L'affaire Kohlantess dérape. Eric Dupond-Moretti a assuré qu'il n'a jamais validé l'organisation d'une course de karting dans la prison de Fresnes et a pointé la responsabilité de la direction de l'établissement du doigt. "Cette polémique contribue, et c'est le plus regrettable, à masquer l'état déplorable des établissements pénitentiaires en France", souligne pour sa part Matthieu Quinquis, président de la section française de l'Observatoire international des prisons (OIP) sur franceinfo ce mardi.
>> Karting à la prison de Fresnes : de l'administration pénitentiaire au ministre de la Justice, qui était informé de l'organisation de cet événement ?
franceinfo : Comment jugez-vous les dernières déclarations du garde des Sceaux ?
Matthieu Quinquis : Je pense que le garde des Sceaux essaie par tous les moyens d'éteindre une polémique qu'il a lui-même contribué à faire naître dans le débat public. Cette polémique contribue par ailleurs, et c'est le plus regrettable, à masquer l'état déplorable des établissements pénitentiaires en France. Rappelons qu'il y a 72 000 personnes détenues en France pour 60 000 places seulement. En juillet, 1 900 personnes dormaient sur un matelas posé à même le sol. C'est cela qui doit nous scandaliser. Cette polémique cache toute la violence du quotidien carcéral, toute la violence que subissent les personnes incarcérées aujourd'hui en France.

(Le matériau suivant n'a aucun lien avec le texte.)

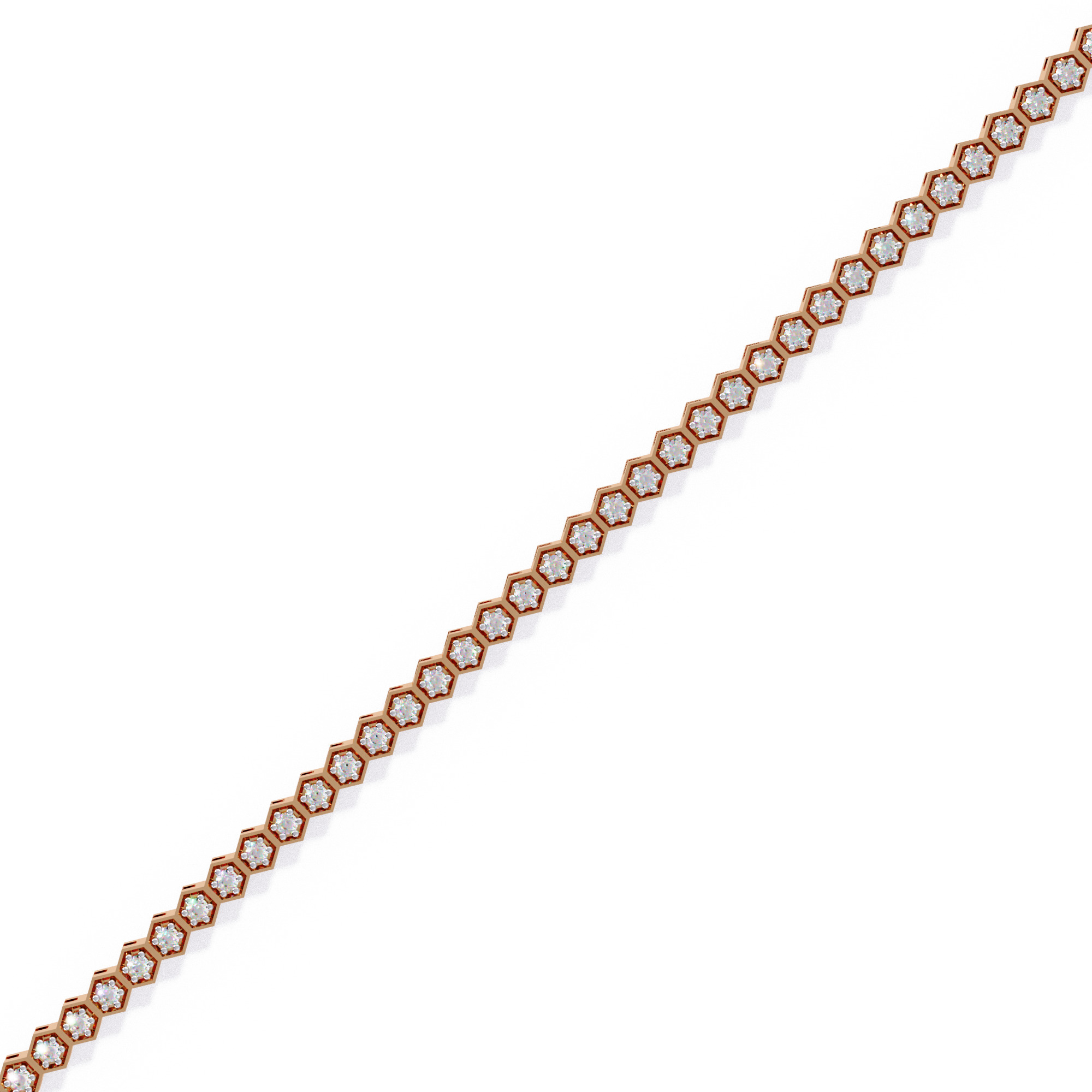 Diamond Tennis Bracelet animation renders 3dm stl details  3D print model_11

Êtes-vous choqué de voir parmi les détenus participants des personnes condamnées pour de très lourdes peines ?
Aujourd'hui en France, des personnes sont envoyées en prison pour de très longues années à la suite de faits très graves. Qui peut sérieusement en être surpris ? Qui peut s'étonner du profil des personnes qui sont condamnées ? A ceux qui s'interrogent sur la participation de ces personnes aux activités en question, je demande : que doivent faire ces personnes pendant les dix, quinze, vingt ans de réclusion qu'ils doivent purger ? Comment doivent-ils s'occuper ? Quels moyens doit-on mettre en oeuvre pour s'assurer que ces personnes, à leur sortie de prison, adhèrent au corps social, respectent des règles communes et ne récidivent pas ?

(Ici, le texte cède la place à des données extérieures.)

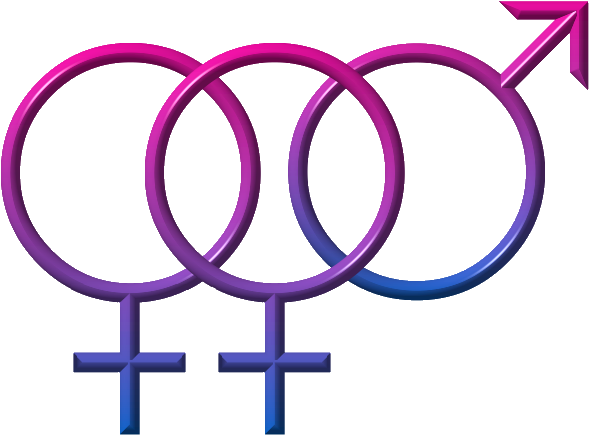 Bisexual Symbol Graphic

Quel est le problème de fond du système carcéral français ?
Les vrais problèmes ont été rappelés très sévèrement par la Cour européenne des droits de l'Homme il y a deux ans dans une condamnation très sèche de la France suite à une affaire qui comptait 32 requérants. Six établissements étaient pointés du doigt et la Cour a exigé de la France qu'elle mette enfin des moyens efficaces pour mettre un terme à la sur-occupation des établissements pénitentiaires. On a un rendez-vous avec l'Etat devant le Conseil de l'Europe d'ici la fin de l'année pour faire le bilan sur les actions entreprises. Nous savons d'avance qu'elles sont largement insuffisantes : le taux d'incarcération continue d'augmenter, les durées de détention ne cessent de s'allonger, on continue une politique pénale et pénitentiaire qui est la cause même des difficultés qu'on rencontre aujourd'hui.

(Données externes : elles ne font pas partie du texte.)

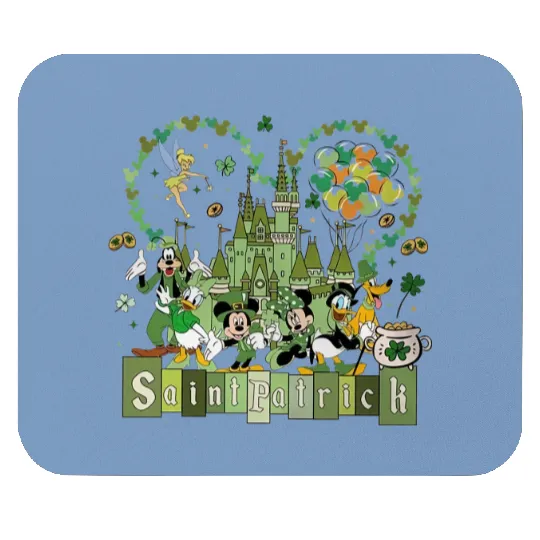 Disneyland St Patricks Day Mouse Pads, Mouse and Friends St Pattys Day Mouse Pads, Disney Irish Mouse Pads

Que doit faire la France pour ses prisons ?
La France doit arrêter de construire des prisons. L'équation est simple et constatée depuis des années : plus on construit des places de prison, plus on les remplit. Le garde des Sceaux construit aujourd'hui 15 000 places de prison, mais l'administration pénitentiaire s'attend à recevoir plus de 80 000 détenus dans les prochaines années. Même avec ces nouvelles places, on n'atteindra que 75 000 places disponibles, ce n'est pas assez. On entre dans une forme de course à l'échalotte sans fin et extrêmement coûteuse pour le contribuable : la construction des établissements pénitentiaires coûte bien plus que des peines alternatives exécutées en milieu ouvert, qui ont d'ailleurs un impact beaucoup plus important et profond dans la prévention de la récidive et l'aide à la réinsertion.